Building outside of Cori for MPICH:

If you have satisfied the prerequisites above, then do make -j mana and continue as for Cori, starting with the Cori instructions:

$ git submodule update --init
$ ./configure
$ make -j mana

Testing and Running without Slurm

Testing and running is mostly the same as described at the top. However, at some HPC sites, you may need to replace srun with mpirun in the two commands for mana_launch and mana_restart, above.

In a further complication, if using mpirun with MPICH-derived MPI implementations, you may need to replace srun with:

mpirun -iface ETHERNET_INTERFACE

You should find the correct definition of MPIRUN in:

mpi-proxy-split/Makefile_config

NOTE: On HPC clusters, it is more common to use srun, along with a custom network interface (InfiniBand, Cray GNI, etc.).
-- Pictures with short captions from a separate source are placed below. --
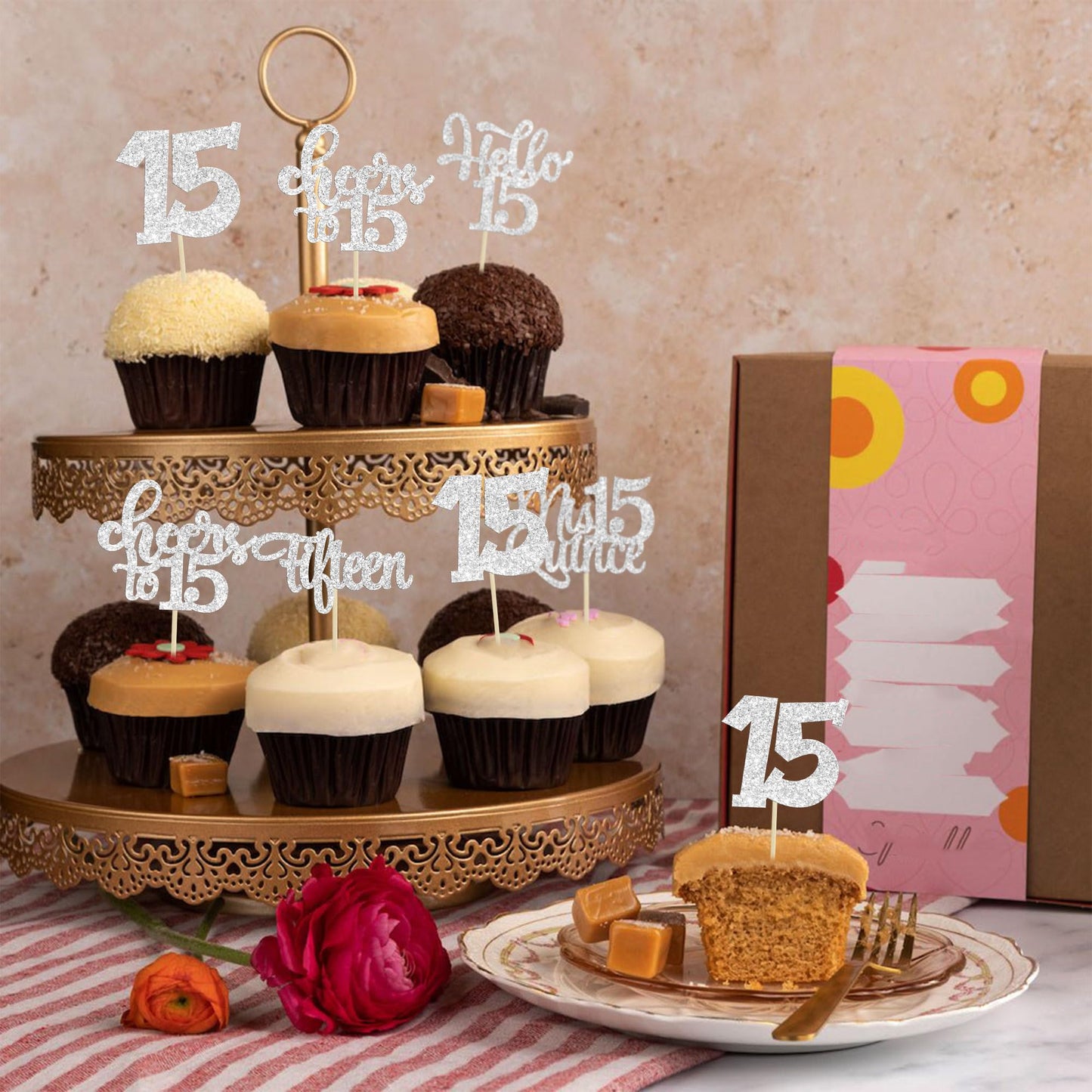 30Pcs 15Th Birthday Cupcake Toppers Fifteen Cupcake Picks Cheers To 15 Years Old Mis Quince 15 Cake Decorations For 15Th Birthda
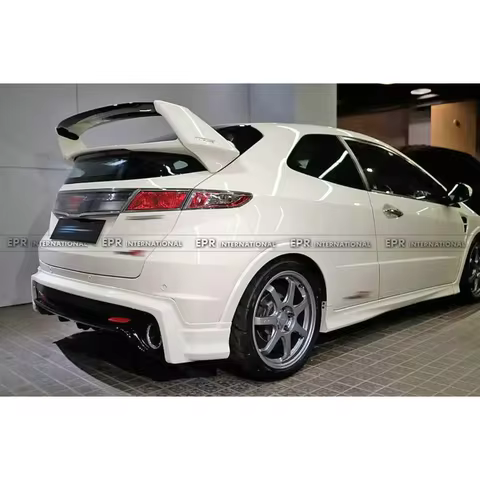 For Honda Civic FN2 FN Type R Rear Bumper - MUG Style with Exhaust Tip [Rear Bumper Cover, Bumper wi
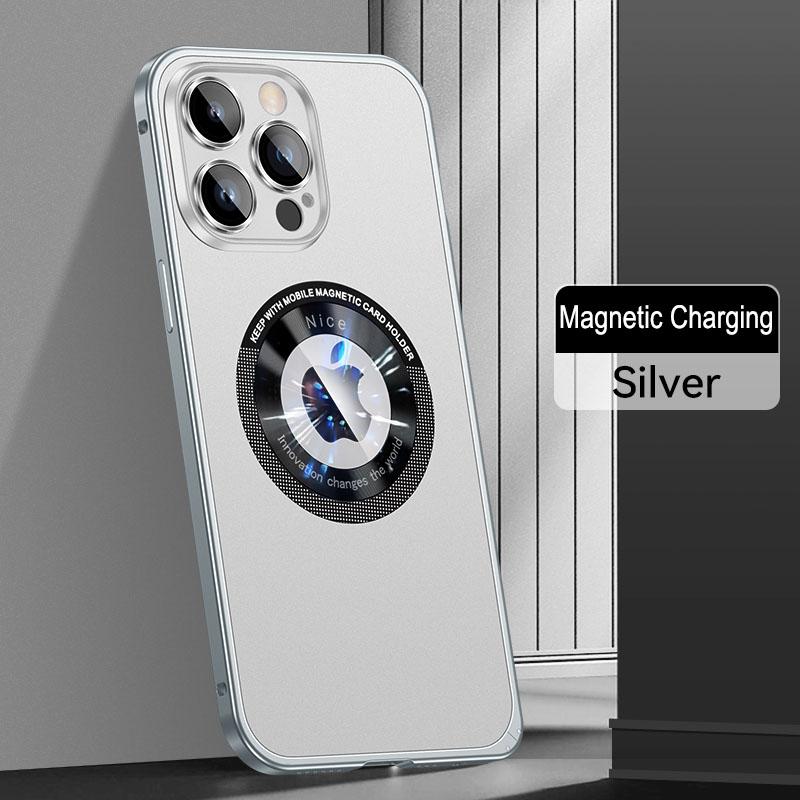 Latest Style Magnetic Wireless Charging Aluminum Metal Case For iPhone 16 15 14 13 12 Pro Max Lens Glass Film Hard PC Back Cover
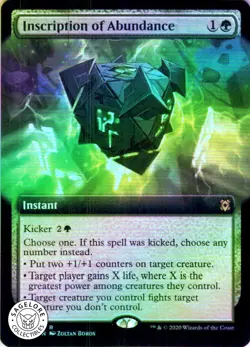 MTG Inscription of Abundance (Ext Art) (360) | NM Foil | Zendikar Rising {ZNR} - Image 1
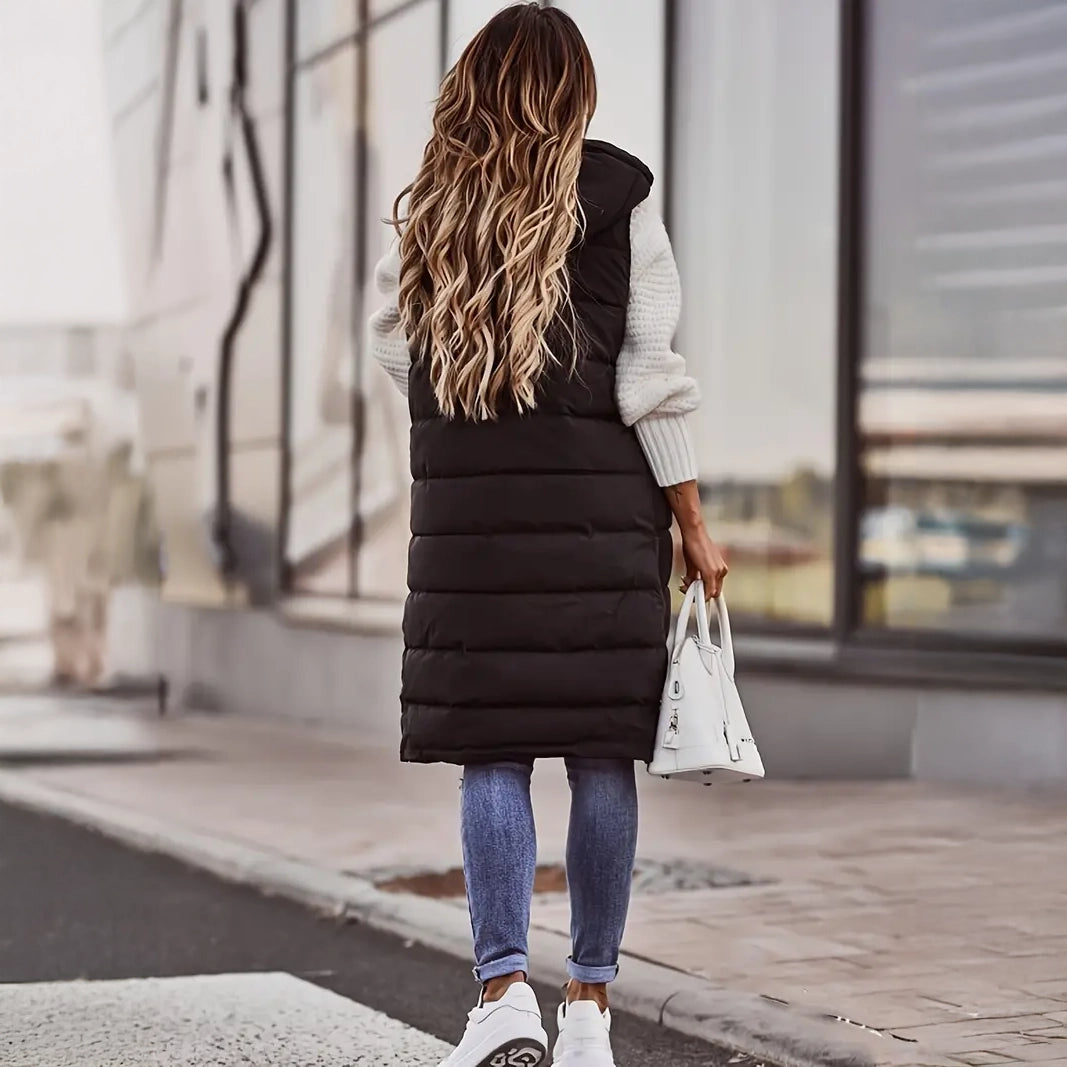 Casual Sleeveless Long Button Front Hooded Coat Outerwear Official Online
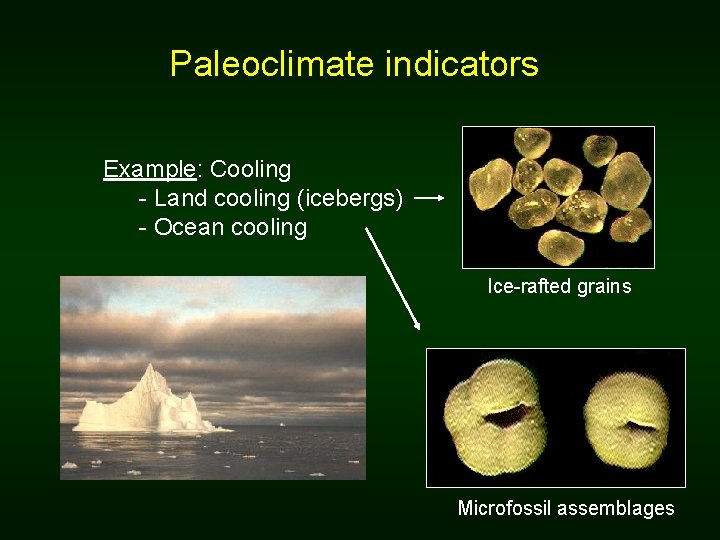 Paleoclimate indicators Example: Cooling - Land cooling (icebergs) - Ocean cooling Ice-rafted grains Microfossil Paleoclimate indicators Example: Cooling - Land cooling (icebergs) - Ocean cooling Ice-rafted grains Microfossil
So, most likely Ethernet will not be used, and libc.a will not call libnss_*.so.

The file MANA_ROOT/configure-mana tries to guess the Ethernet interface with:

ip addr | grep -B1 link/ether  # and choose one of those interfaces

or else:

ifconfig -a (deprecated)

If necessary, change the definition of MPIRUN in configure-mana for the correct Ethernet interface on your compute node. [ But this may no longer be necessary. ]